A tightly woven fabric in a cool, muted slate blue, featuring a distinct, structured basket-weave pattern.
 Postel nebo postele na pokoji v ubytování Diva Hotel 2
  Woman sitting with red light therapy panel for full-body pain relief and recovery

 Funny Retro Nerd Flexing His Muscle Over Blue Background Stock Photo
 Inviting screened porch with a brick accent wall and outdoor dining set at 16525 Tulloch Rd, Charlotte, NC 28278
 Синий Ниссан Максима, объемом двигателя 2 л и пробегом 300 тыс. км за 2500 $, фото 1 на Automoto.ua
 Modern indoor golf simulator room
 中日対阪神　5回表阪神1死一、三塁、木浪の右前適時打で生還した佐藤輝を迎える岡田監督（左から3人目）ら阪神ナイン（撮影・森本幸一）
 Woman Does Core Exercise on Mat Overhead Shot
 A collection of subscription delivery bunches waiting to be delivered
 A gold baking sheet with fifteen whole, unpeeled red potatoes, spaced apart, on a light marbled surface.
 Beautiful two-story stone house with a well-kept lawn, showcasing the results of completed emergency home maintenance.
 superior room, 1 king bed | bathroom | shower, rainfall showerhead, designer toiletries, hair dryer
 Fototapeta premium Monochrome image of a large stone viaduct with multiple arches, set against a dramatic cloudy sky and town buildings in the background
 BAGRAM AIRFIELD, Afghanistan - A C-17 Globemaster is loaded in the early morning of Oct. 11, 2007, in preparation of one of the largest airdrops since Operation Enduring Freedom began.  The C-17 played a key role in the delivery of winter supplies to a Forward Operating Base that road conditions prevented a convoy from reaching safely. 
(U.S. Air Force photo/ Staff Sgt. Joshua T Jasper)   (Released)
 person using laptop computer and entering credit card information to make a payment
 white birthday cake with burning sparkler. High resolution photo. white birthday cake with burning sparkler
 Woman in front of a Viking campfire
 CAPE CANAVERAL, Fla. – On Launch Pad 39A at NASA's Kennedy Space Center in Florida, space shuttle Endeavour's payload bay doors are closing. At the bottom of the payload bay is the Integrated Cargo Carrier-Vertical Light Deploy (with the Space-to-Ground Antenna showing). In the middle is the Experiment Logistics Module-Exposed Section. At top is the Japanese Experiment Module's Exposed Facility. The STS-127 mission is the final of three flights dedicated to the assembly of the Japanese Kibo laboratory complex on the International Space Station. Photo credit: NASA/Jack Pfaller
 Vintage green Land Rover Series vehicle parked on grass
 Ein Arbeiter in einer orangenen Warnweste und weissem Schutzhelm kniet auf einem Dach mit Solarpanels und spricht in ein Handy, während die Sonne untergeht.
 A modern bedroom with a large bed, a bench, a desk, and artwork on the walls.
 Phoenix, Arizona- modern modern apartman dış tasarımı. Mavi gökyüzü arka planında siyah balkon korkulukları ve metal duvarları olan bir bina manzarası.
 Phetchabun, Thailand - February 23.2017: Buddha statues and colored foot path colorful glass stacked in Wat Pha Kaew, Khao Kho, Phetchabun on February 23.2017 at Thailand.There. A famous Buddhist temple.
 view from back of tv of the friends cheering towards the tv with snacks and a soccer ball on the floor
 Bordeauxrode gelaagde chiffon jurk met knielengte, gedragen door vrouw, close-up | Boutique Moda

## Task description:
Copy all the lines above that hold the string "from".

## Task answer:
 BAGRAM AIRFIELD, Afghanistan - A C-17 Globemaster is loaded in the early morning of Oct. 11, 2007, in preparation of one of the largest airdrops since Operation Enduring Freedom began.  The C-17 played a key role in the delivery of winter supplies to a Forward Operating Base that road conditions prevented a convoy from reaching safely. 
 view from back of tv of the friends cheering towards the tv with snacks and a soccer ball on the floor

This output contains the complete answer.